O encontro entre o ministro grego das finanças, Yanis Varoufakis, e o
presidente holandês do Eurogrupo, Jeroen Dijsselbloem (o do mestrado
falso, ao que parece) tornou-se um poderoso símbolo de resistência face à
ortodoxia monetarista que organismos como o FMI representam; com
efeito, não é com leviandade que emprego a palavra "ortodoxia" e
sublinho o carácter quasi-religioso que ela comporta.
A ortodoxia, aqui, consiste no chamado "Consenso de Washington": designação pela qual
ficou conhecida (desde os anos oitenta do século passado) a receita
neoliberal para resgate das economias em apuros, fórmula única de
desmantelamento dos estados em benefício dos sectores privados,
independentemente das diferentes condições sociais e políticas dos
países. A economia não é uma ciência e, nesse feitio, toda a canga
pseudocientífica que se lhe coloque não passa de artigos de fé - e, no
que diz respeito à fé, a ortodoxia não gosta de heresias.
O impacto que a eleição do Syriza está a ter, observando o autêntico
histerismo da maioria da Direita, pode ser equiparado à anexação das
noventa e cinco teses de Martinho Lutero na porta da igreja do castelo
de Wittenberg: ai, meu Deus, que a casa (a Europa) vem abaixo.

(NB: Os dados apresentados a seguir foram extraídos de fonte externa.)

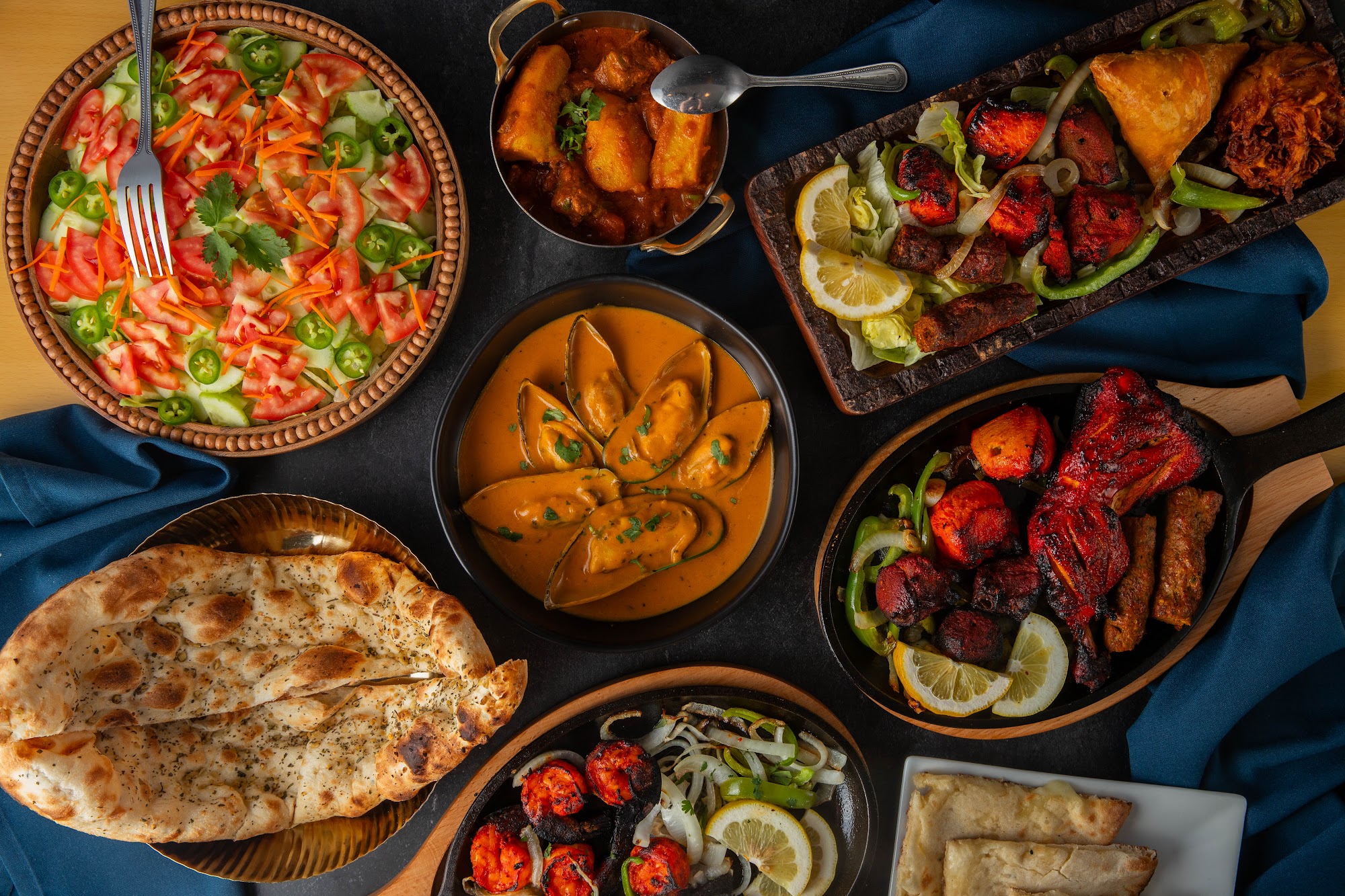 Mr Masala - Sunset Menu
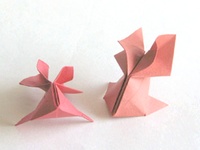 Origami Goldfish by Roman Diaz on giladorigami.com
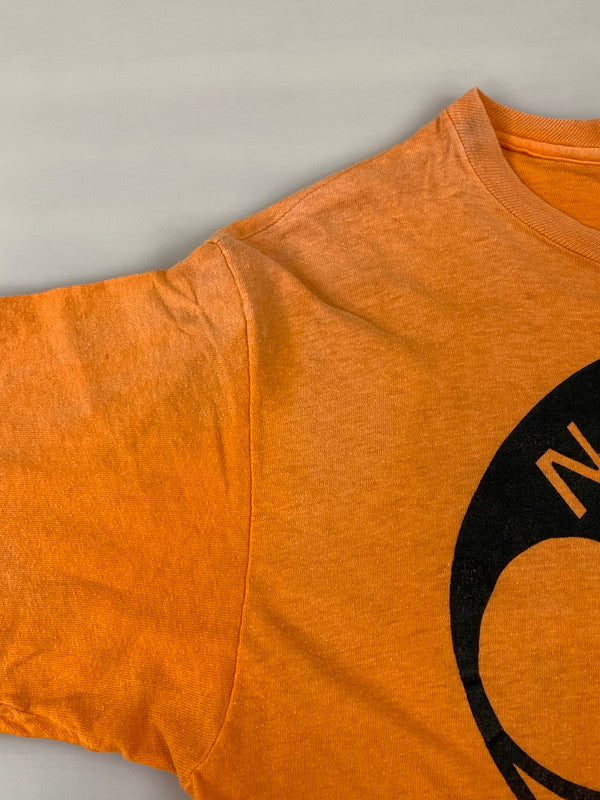 【中古品】【メンズ】 HANES ヘインズ 70-80'S "NAUTILUS" S S TEE ショートスリーブ 146-250414-AS-37-min サイズ：M カラー：オレンジ 万代Net店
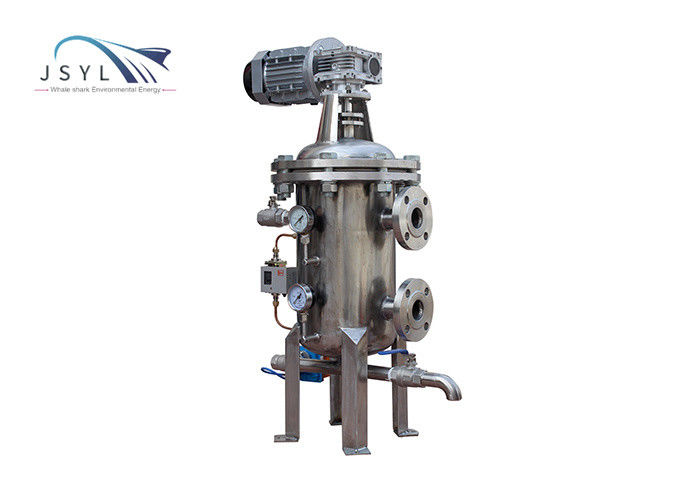 El simplex automático de la limpieza de uno mismo del OEM filtra el sistema de la filtración de la turbulencia del agua de mar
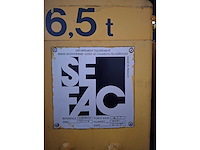 Sefac - vrachtwagen mobiele hefkolommen truck lift 4 st 6,5ton - afbeelding 6 van  11
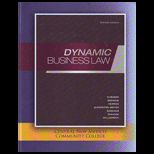 Dynamic Business Law (Custom)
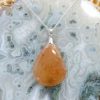 Colliers & Pendentifs reve de bijoux | Calcite Miel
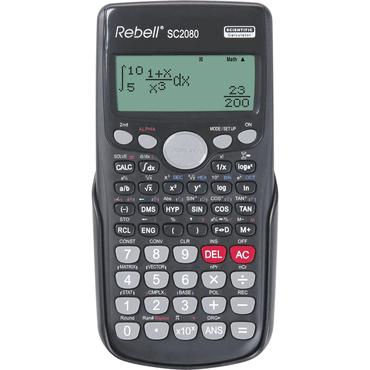 8595179509826 - SC2080S Wissenschaftlicher Taschenrechner schwarz 8595179509826 Rebell 8595179509826 - SC2080S Wissenschaftlicher Taschenrechner schwarz 8595179509826 Rebell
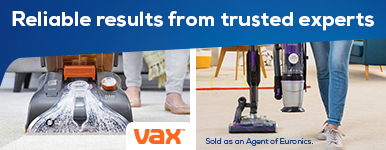 Vax Floorcare Range Awareness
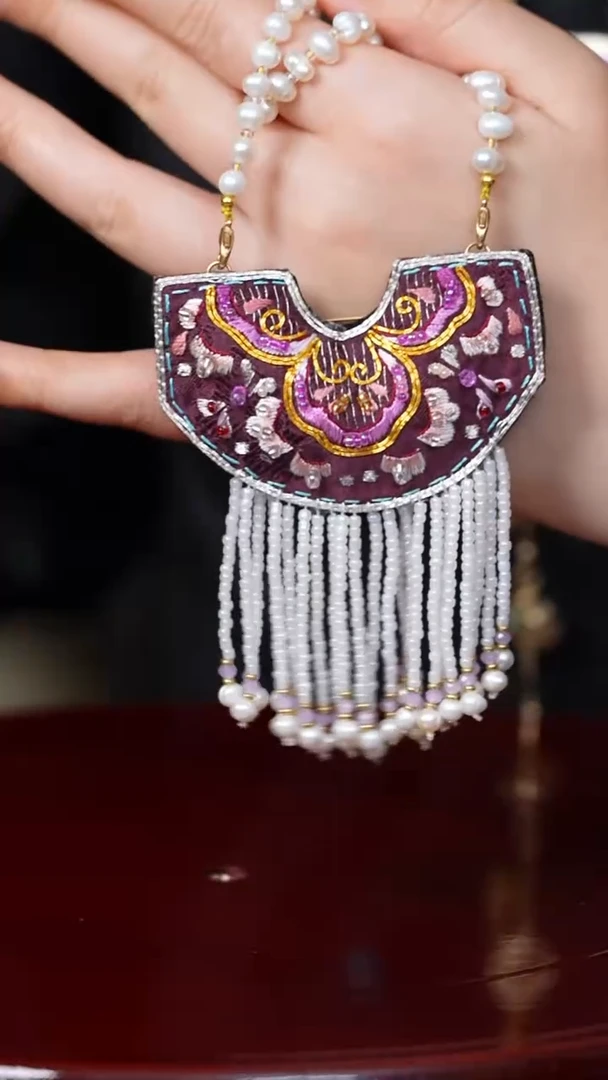 【闪购商品】织绣0801非遗国风手工美物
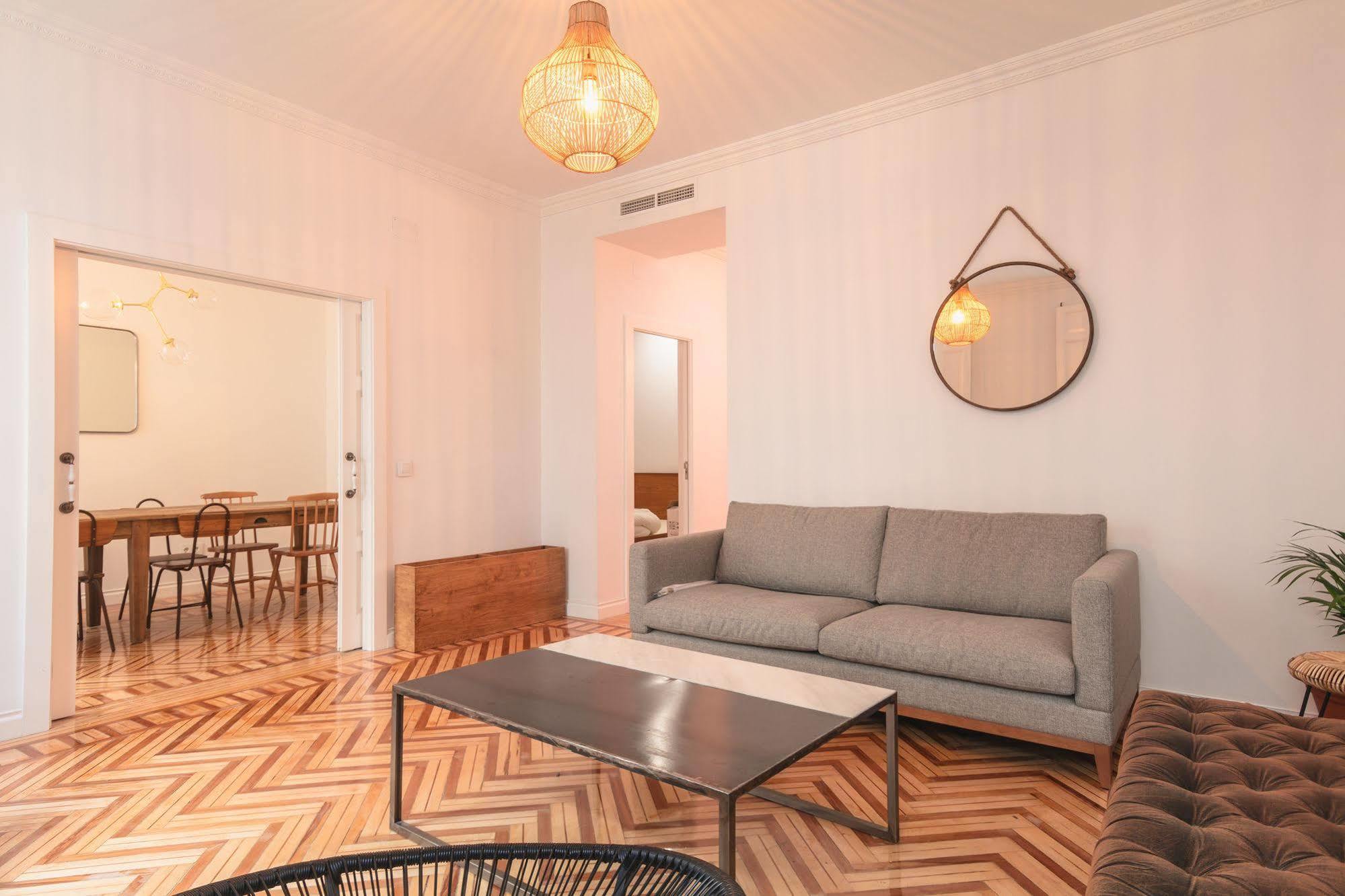 Fuencarral Apartment Madrid Exterior foto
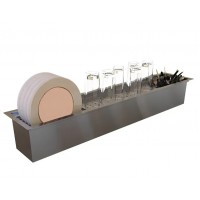 Вбудовувана сушарка-органайзер для посуду Fabiano FIDO 100 Inox Вбудовувана сушарка-органайзер для посуду Fabiano FIDO 100 Inox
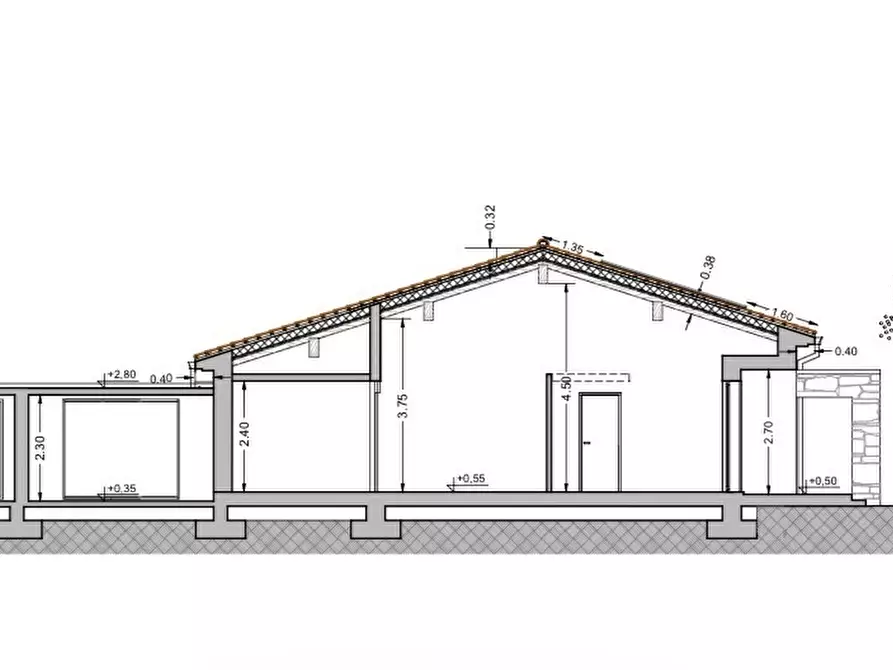 Immagine 6 di Terreno residenziale in vendita  a Ortonovo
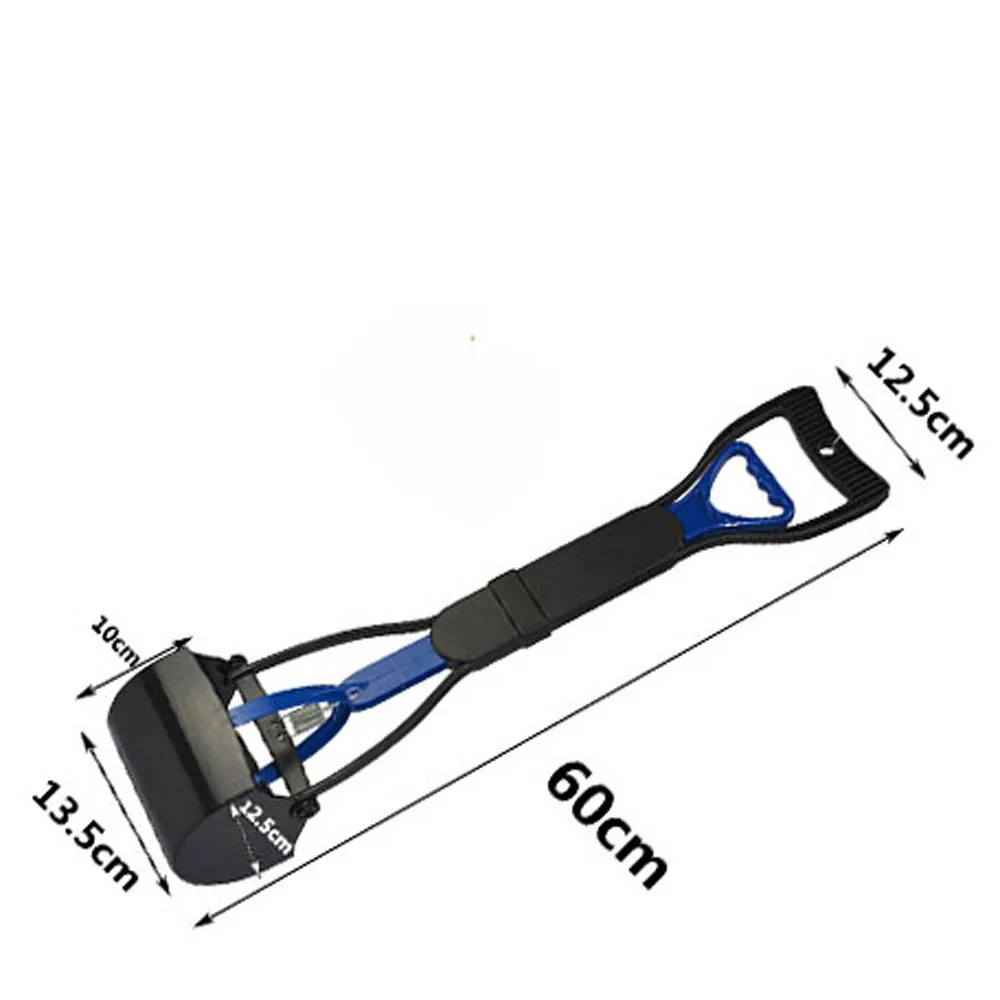 Pet Pooper Scooper с длинной ручкой захват, совок для уборки собачьих экскрементов для уборки собак кошек отработанных собак щенков кошек уборщик отходов er чистящие инструменты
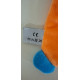 Doudou plat peluche Animaux : Vache - Âne - éléphant ou Ours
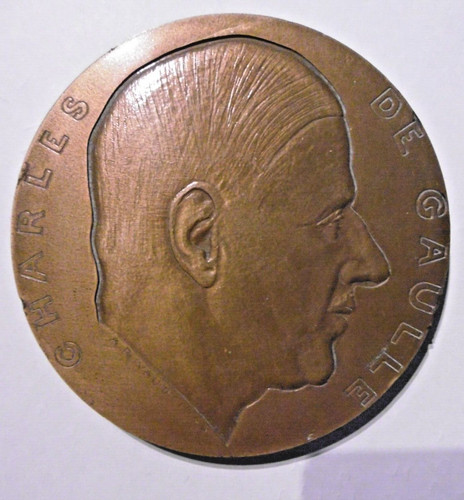 Medaille bronze charles - bronze,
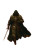 Dark Hooded Knight V2 Vinyl Car Decal Sticker – Waterproof & UV-Resistant 8"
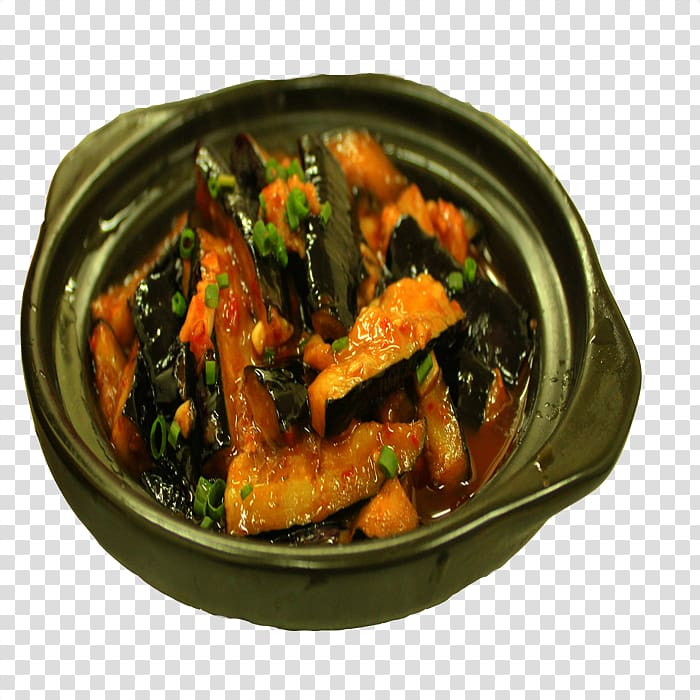 Curry Indian cuisine Minced pork rice Vegetarian cuisine Korean cuisine, Eggplant gourmet transparent background PNG clipart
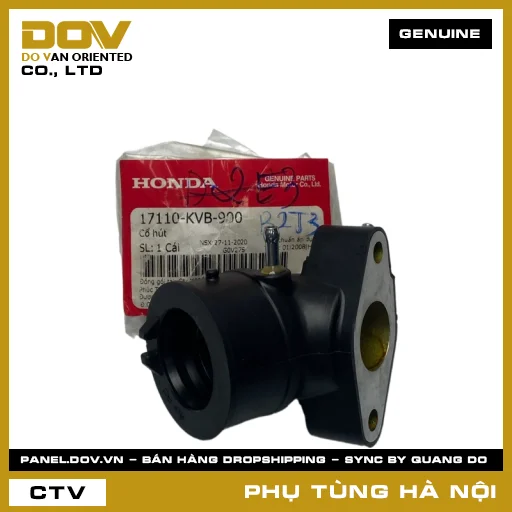MÃ PHỤ TÙNG : 17110KVB900 CỔ HÚT — 17110KVB900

Para já, temos o que era preciso: uma contracorrente forte e com ideias,
capaz de mobilizar os descontentes que estão longe de ser radicais (a
vitória do Syriza deve-se ao eleitorado do Pasok, como é evidente).
Veremos como, afinal de contas, todas estas questões aparentemente
científicas ou técnicas não passavam de teimosias de uma fé ortodoxa no
"Consenso de Washington" e numa visão quasi-neodarwinista aplicada ao
mercado. A gente esquece-se que, tudo somado, as ideologias ainda mandam
muito.
Resta descobrir se o estado de graça "luterano" do Syriza
(e dos seus aliados de sinal político oposto) não terminará num
perigoso caos absurdo à la João de Leiden (para lembrar outro
heterodoxo) em Münster. Confiemos, portanto - mas atentos.